Carmen López lleva seis años enseñando las curiosidades de las piezas de arte expuestas en el Museo Reina Sofía, invitando al visitante a pensar cómo y el por qué de “todo lo que hay dentro del museo” como, por ejemplo, el Guernica de Pablo Picasso.
El trabajo de López, nombre ficticio, consiste en “mediar” entre las obras y sus visitantes, es decir, ayudan al público general a acercarse al arte contemporáneo que, a veces, según reconoce esta empleada, “no es una tarea fácil”. Para desempeñar esta labor, el equipo del servicio de Mediación Cultural del Museo Reina Sofía realiza visitas comentadas a la colección permanente y también a las exposiciones temporales desde diferentes enfoques y planteamientos. Unos recorridos que varían desde el primer acercamiento al museo hasta propuestas más especializadas o específicas, buscando la interseccionalidad de temas. Y siempre - apunta López - “desde la idea de crear un espacio de debate que favorezca la reflexión y la participación de los públicos”.

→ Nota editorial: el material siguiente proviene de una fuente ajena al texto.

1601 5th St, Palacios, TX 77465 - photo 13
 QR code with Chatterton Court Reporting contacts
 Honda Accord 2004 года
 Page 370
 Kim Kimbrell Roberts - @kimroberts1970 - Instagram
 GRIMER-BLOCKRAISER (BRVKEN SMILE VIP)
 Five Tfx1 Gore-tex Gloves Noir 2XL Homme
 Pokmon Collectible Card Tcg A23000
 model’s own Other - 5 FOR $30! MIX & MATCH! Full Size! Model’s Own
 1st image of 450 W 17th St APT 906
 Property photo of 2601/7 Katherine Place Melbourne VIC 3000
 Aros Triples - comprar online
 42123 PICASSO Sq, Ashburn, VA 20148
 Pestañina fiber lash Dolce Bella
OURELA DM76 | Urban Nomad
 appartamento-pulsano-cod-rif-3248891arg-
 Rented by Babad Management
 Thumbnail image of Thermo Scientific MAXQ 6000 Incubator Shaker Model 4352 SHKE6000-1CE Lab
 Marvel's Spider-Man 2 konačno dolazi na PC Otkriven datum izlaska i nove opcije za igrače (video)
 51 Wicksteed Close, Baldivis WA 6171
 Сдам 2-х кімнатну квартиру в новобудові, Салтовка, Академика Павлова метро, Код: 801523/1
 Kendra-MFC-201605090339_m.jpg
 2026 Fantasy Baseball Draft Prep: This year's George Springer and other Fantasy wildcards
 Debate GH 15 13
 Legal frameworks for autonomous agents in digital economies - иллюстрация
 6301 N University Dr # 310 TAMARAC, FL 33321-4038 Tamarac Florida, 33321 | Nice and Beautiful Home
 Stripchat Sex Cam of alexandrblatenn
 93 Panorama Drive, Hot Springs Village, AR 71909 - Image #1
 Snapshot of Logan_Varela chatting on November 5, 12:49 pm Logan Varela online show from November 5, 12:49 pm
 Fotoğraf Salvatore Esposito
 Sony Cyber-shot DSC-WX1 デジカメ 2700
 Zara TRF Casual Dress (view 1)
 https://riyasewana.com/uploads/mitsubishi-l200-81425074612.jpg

Un servicio que no solo está destinado para los adultos, ya que cuenta con un formato de actividades para familias, destinado a infancias, donde “a través de dinámicas y activaciones acercan la colección y el Museo en general a los más pequeños” y otra programación destinada a visitas escolares.
Los 19 trabajadores se encargan de recorridos como ‘Desplazar Guernica’, ‘Visitamos juntxs la Colección’, ‘Nunca en Reposo’, ‘Salirse del Margen’ y ‘Microvisita de Introducción a la Colección’, entre otros programas. Carmen López asegura que les enriquece mucho tratar con diferentes edades y públicos y que “a veces la inocencia de un niño te hace ver cosas que jamás hubieras imaginado”.
López está enamorada de su trabajo y recuerda lo emocionante que es cuando cuando los visitantes comparten sus vivencias como cuando la gente les cuentan que nacieron en el antiguo Hospital General de San Carlos antes de ser Museo, o cuando vieron por primera vez el Guernica en el MoMa, y ahora pueden verlo en el Reina Sofía desde 1981. “Lo bonito de nuestro trabajo es crecer cada día gracias a los diferentes puntos de vista del público”, dice.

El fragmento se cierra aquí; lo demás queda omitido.